The work was a re-elaboration of her personal experience of being raised in Belfast during a period of violence and terror. In 1971 she had left her home in Northern Ireland and moved to England but three years after that her grandmother had died leaving her bereft.

Talking about the piece, she explains «I performed in front of the camera, but as an anonymous figure» and details:

I tried to abstract my feelings into something that at the time I described as «script – movement» i.e. a series of movements, which could be interpreted as statements. The question I posed was whether or not death led to absolute nothingness. The video was intended to highlight the confusion between life and death.[13]
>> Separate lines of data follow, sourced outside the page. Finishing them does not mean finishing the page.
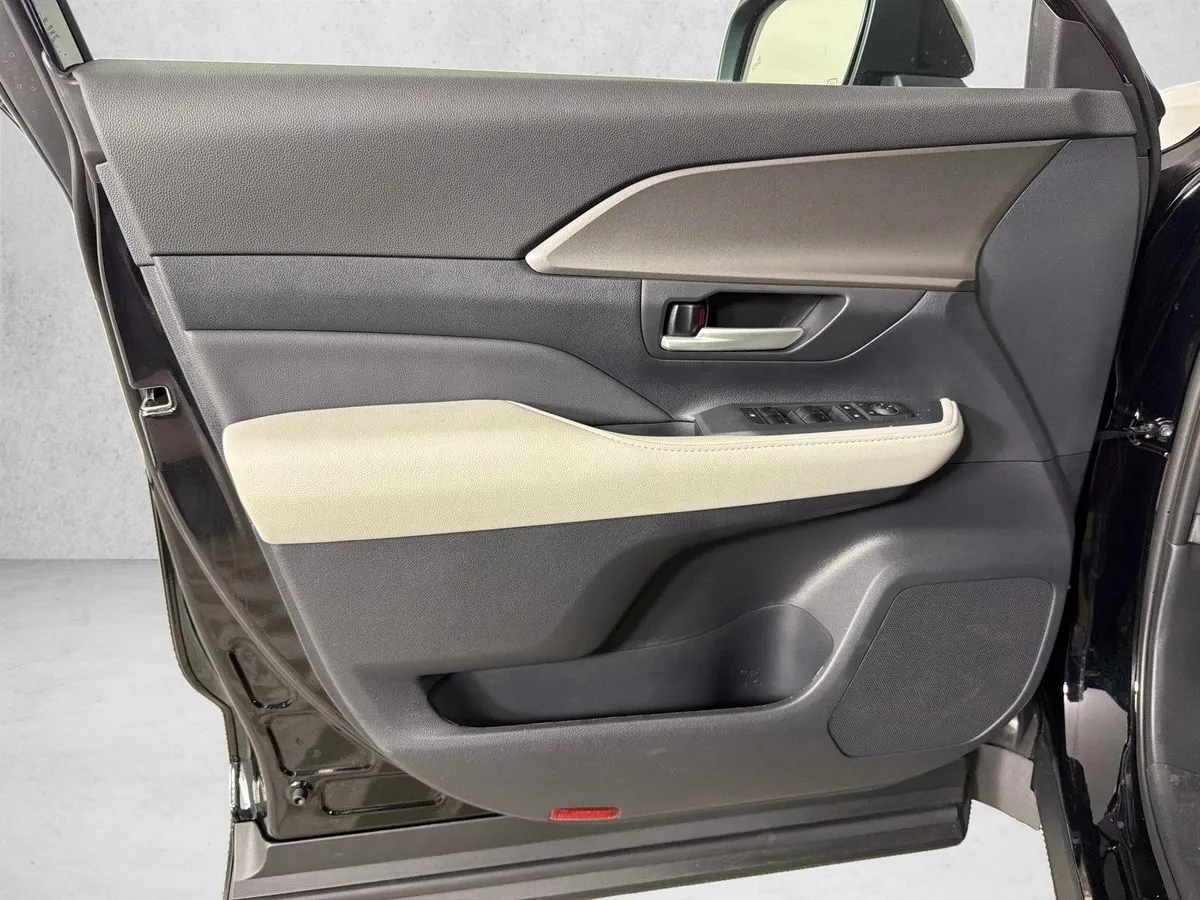 2026 Toyota Grand Highlander XLE thumbnail 10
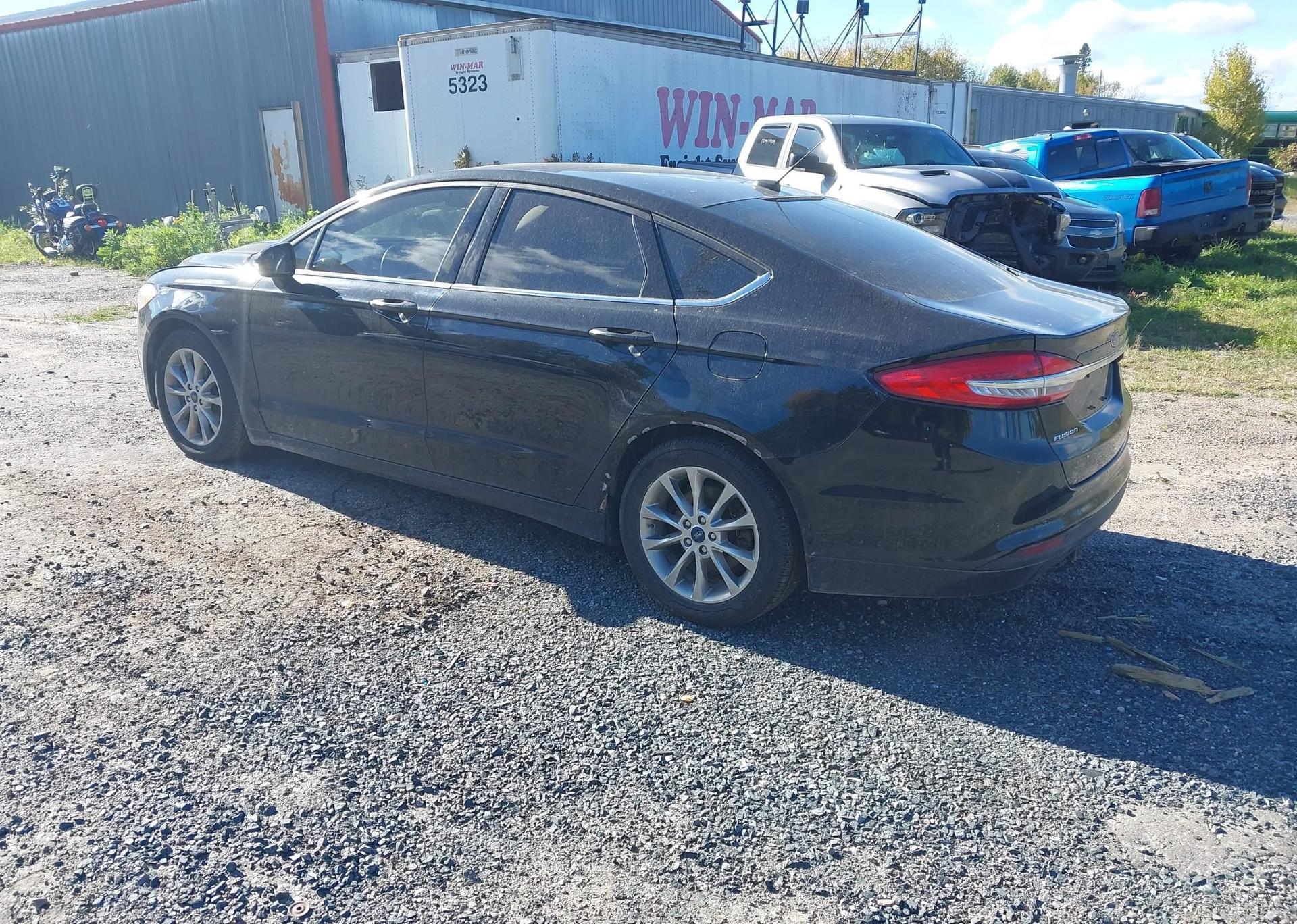 2017 FORD FUSION SE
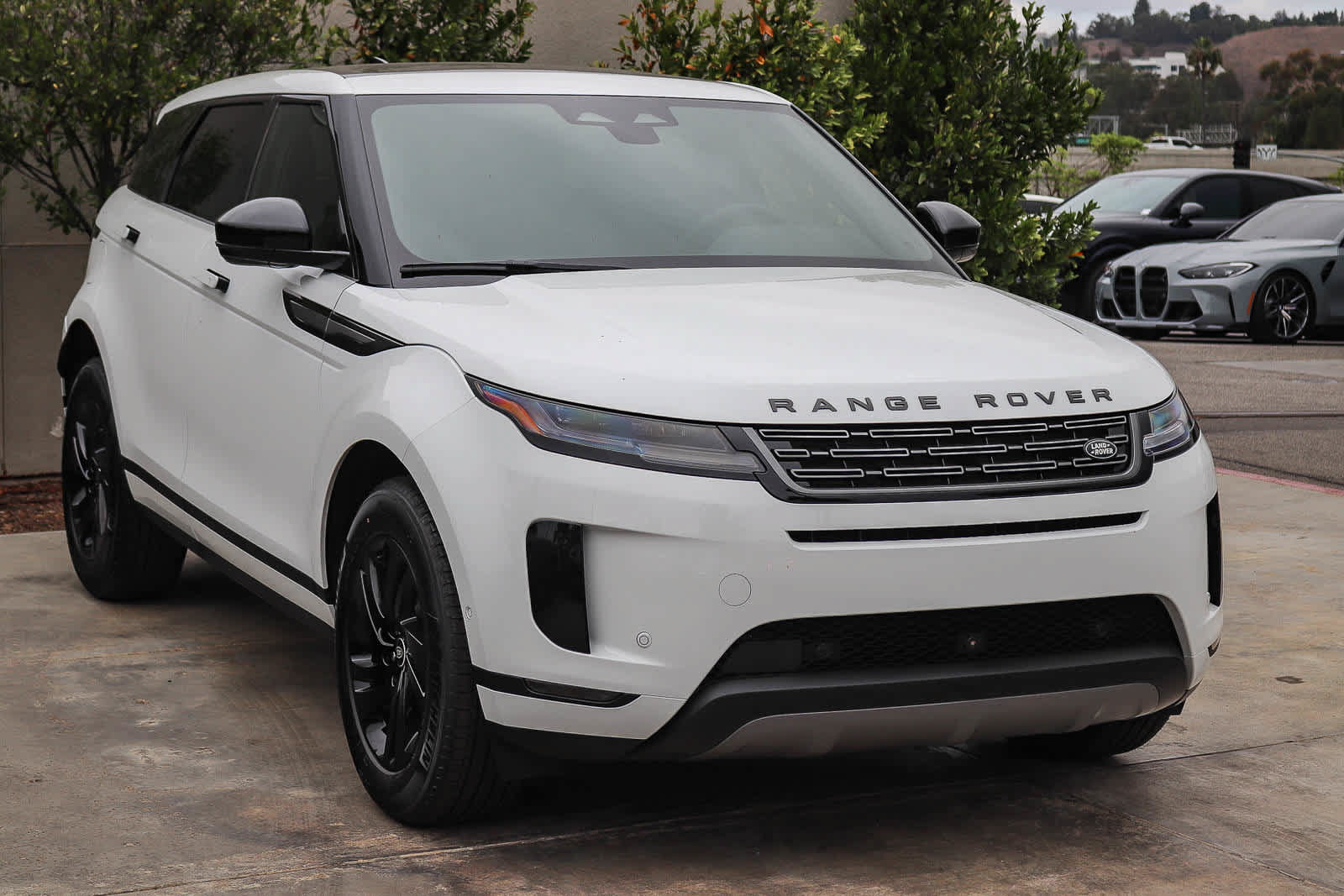 New 2026 Land Rover Range Rover Evoque S AWD/4WD image 3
In Spring 1975, she made two videos: Conflict and Emotive Progression, both destroyed before 1984. Conflict was shot in an empty studio at Winchester School of Art, where the artist built an installation composed of various elements including an armature wire, a plaster cast made from a body print in the sand, drawings and sand on the floor, wall and bricks. In the video she made a performance in the installation.

  Fig. 2 Elaine Shemilt, Conflict, 1975, photograph from the set. Courtesy of the artist

Photographs document the video. Shemilt created also a series of drawings and prints (lithographs and etchings) from it. Conflict, together with Emotive Progression and iamdead, was featured at The Video Show, a seminal independent video festival held at Serpentine Gallery, London, from the 1st to the 25th May 1975. The Video Show included some of the most relevant video pioneers from all over the world including British artists Ian Breakwell, David Critchley, David Hall, Susan Hiller, Brian Hoey, Tamara Krikorian, Mike Leggett, Stephen Partridge, Lis Rhodes and Tony Sinden.

Referring to her notes for The Video Show Shemilt explains Conflict as such:

This film [video] was made in an effort to illustrate briefly the parody of life as a series of conflicts. For example the initial conflict between innocence and social convention as seen in the confusion of a child. Thus the film [video] is in two movements as it were. In the first a figure dressed in white to symbolize life, moves through and explores a series of structures and objects. In the second movement the figure is replaced by a figure in black who wanders back through the wreckage of the structures. As death she controls life until they unite into nothingness.[14]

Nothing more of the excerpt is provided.